10

How can I remove all fields that are null from all documents of a given collection?


I have a collection of documents such as:

{
    'property1': 'value1',
    'property2': 'value2',
    ...
}

but each document may have a null entry instead of a value entry.

I would like to save disk space by removing all null entries. The existence of the null entries does not contain any information in my case because I know the format of the JSON document a priori.

Xavier Guihot
  • 54,987
  • 21
  • 291
  • 190
Till Hoffmann
  • 9,479
  • 6
  • 46
  • 64

6 Answers6

15

Starting Mongo 4.2, db.collection.update() can accept an aggregation pipeline, finally allowing the removal of a field based on its value:

// { _id: ObjectId("5d0e8...d2"), property1: "value1", property2: "value2" }
// { _id: ObjectId("5d0e8...d3"), property1: "value1", property2: null, property3: "value3" }
db.collection.update(
  {},
  [{ $replaceWith: {
    $arrayToObject: {
      $filter: {
        input: { $objectToArray: "$$ROOT" },
        as: "item",
        cond: { $ne: ["$$item.v", null] }
      }
    }
  }}],
  { multi: true }
)
// { _id: ObjectId("5d0e8...d2"), property1: "value1", property2: "value2" }
// { _id: ObjectId("5d0e8...d3"), property1: "value1", property3: "value3" }

In details:

  • The first part {} is the match query, filtering which documents to update (in our case all documents).
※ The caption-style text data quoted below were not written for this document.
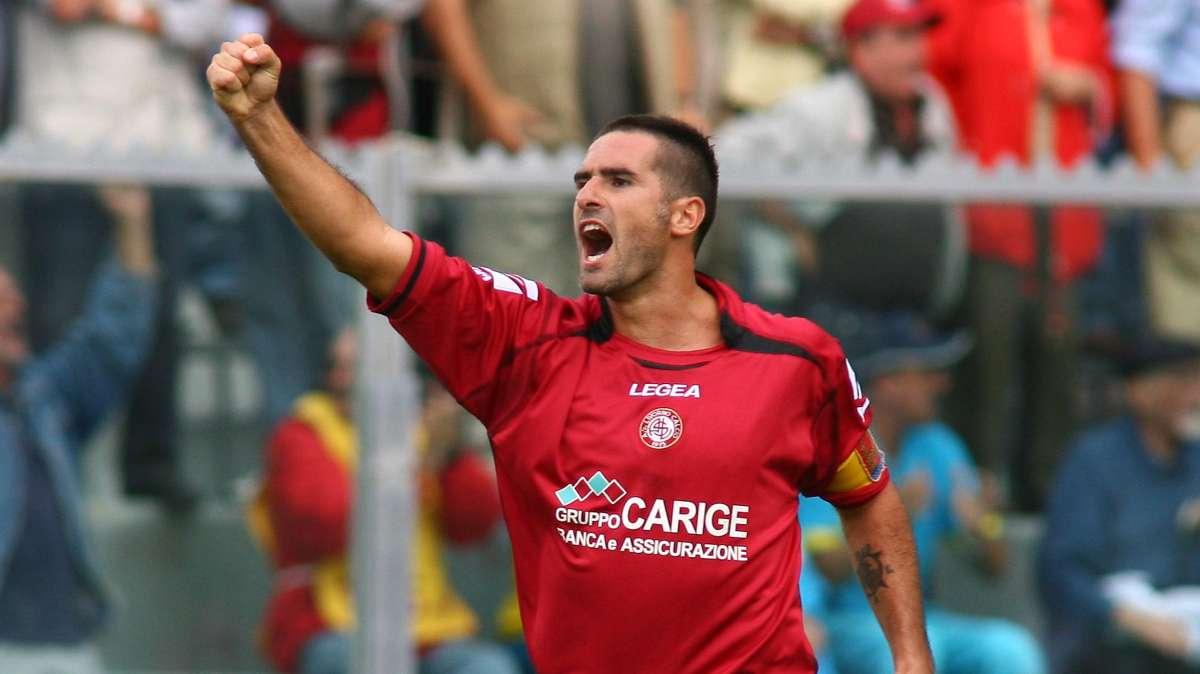 Tuttosport - Juventus, se Iaquinta parte pronto Lucarelli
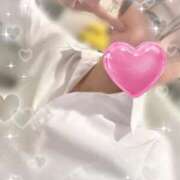 ヒメ日記 2025/10/11 23:54 投稿 ルイ【ｻﾏｰﾇｰﾄﾞな愛欲に】 秘書コレクション 高松店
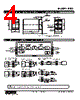 PDU-CH3N-R Datasheet HTML 4Page - M-System Co.,Ltd. 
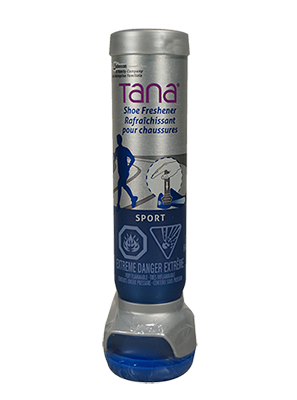 tana shoe cream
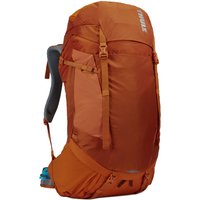 Thule Capstone 40 Liter Mens Slickrock Thule Capstone 40 Liter Mens Slickrock von Thule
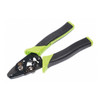 Paladin 6 1/4 in Wire Stripper 2mm Outer Jacket PA1177
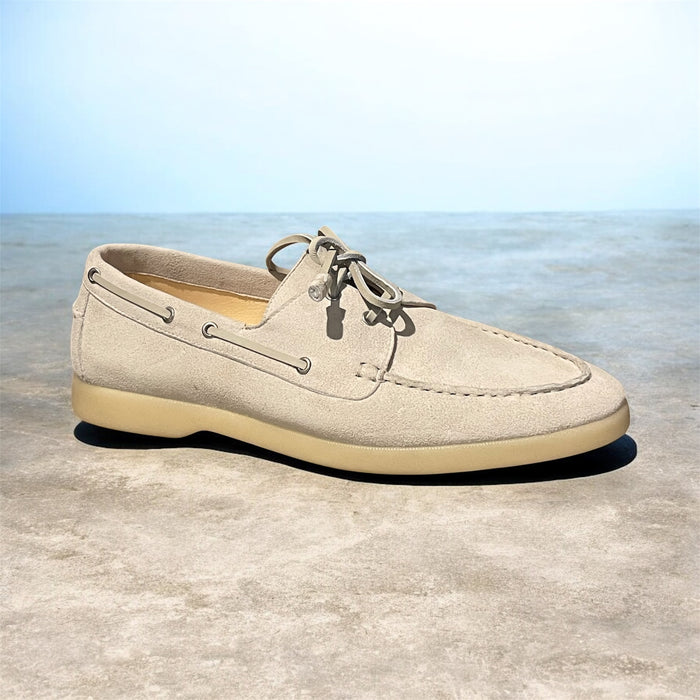Ridiculous Classic boatloafer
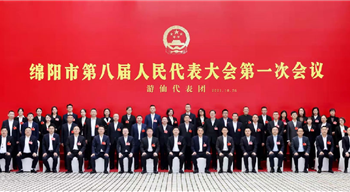 电子游戏平台app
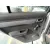 SUZUKI SWIFT BERLINA (MZ) '2006 GL (5-PTAS.) PLATA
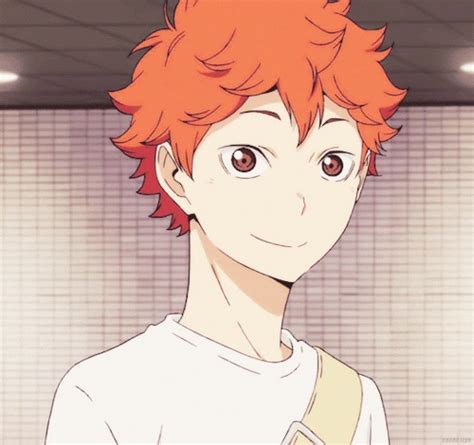Here is who you would be from haikyuu!! Haikyuu Mbti | AnimeList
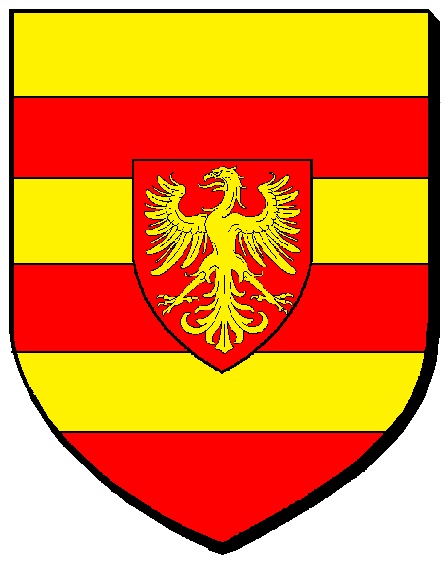 CORBERON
  • The second part [{ $replaceWith: { ... }] is the update aggregation pipeline (note the squared brackets signifying the use of an aggregation pipeline):

    • With $objectToArray, we first transform the document to an array of key/values such as [{ k: "property1", v: "value1" }, { k: "property2", v: null }, ...].
    • With $filter, we filter this array of key/values by removing items for which v is null.
    • We then transform back the filtered array of key/values to an object using $arrayToObject.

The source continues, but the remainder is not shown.